10. She Said by Jodi Kantor and Megan Twohey


This powerful and important nonfiction book is written by the two New York Times reporters who exposed producer Harvey Weinstein's history of sexual harassment and abuse—a story that helped kickstart today's #MeToo movement.

11. The Source of Self-Regard by Toni Morrison


This year we lost the legend that is Toni Morrison, but reading this collection can let you still experience the magic of her words.

12. There There by Tommy Orange


This beautiful novel follows twelve characters from different Native American communities, weaving history and modern Native American life into one unforgettable story.

13. Trick Mirror by Jia Tolentino


The New Yorker columnist penned this can't-put-it-down collection of essays.
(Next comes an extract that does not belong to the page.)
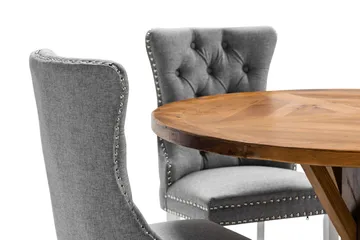 Lyon Matgrupp 120 cm Rund inkl 4 Bergviken Stolar - Brun - Möbler - Bord & matgrupp - Matgrupp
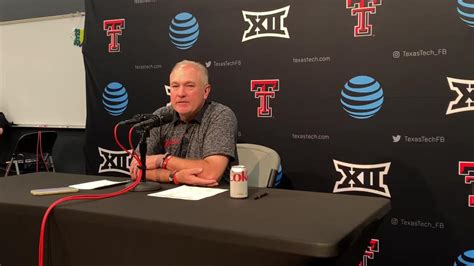 Texas Tech Coach Joey Mcguire Discusses Tyler Shoughs Injury Being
They'll have you laughing out loud in one moment and questioning everything in another.

14. Find Me by André Aciman


André Aciman is the man behind the revered Call Me By Your Name, and in his latest, he explores what happened next between Elio and Oliver.

15. Dominicana by Angie Cruz


Take it from this perfectly worded review: "This is a page turner and a must read for anyone interested in the American dream, migration, or identity more broadly."

16. Sapiens: A Brief History of Humankind by Yuval Noah Harari


There is so much to learn about humankind, and this is the perfect place to get started.

17. Normal People by Sally Rooney


Sally Rooney's Normal People follows two students over the course of early adulthood and how they navigate growing up and the different kinds of love you can experience.

18. Know My Name by Chanel Miller


Writer and sexual assault survivor Chanel Miller—who spoke out as Emily Doe four years ago in a sexual assault case against 19-year-old Brock Turner—opens up in this memoir about her journey navigating a biased criminal justice system, a culture that stigmatizes survivors of sexual assault, and so much more. It's a painstaking but important read.

19. The Water Dancer by Ta-Nehisi Coates


If you're on Oprah's book list again, then you know you've made it. Ta-Nehisi Coates' first published work of fiction is worth reading a million times over.

20. Dear Girls by Ali Wong


Ali Wong's letter to her daughters (yup, the ones in her belly in both her specials) are moving and hilarious—exactly what you'd expect from the comedic genius.

21. Little Women by Lousia May Alcott


The movie is on its way to theaters, and this timeless tale is always worth diving into, time and time again.

22. Becoming by Michelle Obama


In what might have been one of the biggest books of the year, Michelle Obama gets candid about her life and the pieces that came together to make her who she is today.

23. How To Do Nothing by Jenny Odell


Attention is a rare commodidty, and Jenny Odell's book breaks down how to reclaim your time.

24. Where the Crawdads Sing by Delia Owens


Take it from Reese Witherspoon herself: "I can't even express how much I love this book! I didn't want this story to end!"

25. Red, White & Royal Blue by Casey McQuiston


This fun book about the first son (of a female president) and his love affair with a British prince is a great read for cozying up by the fire.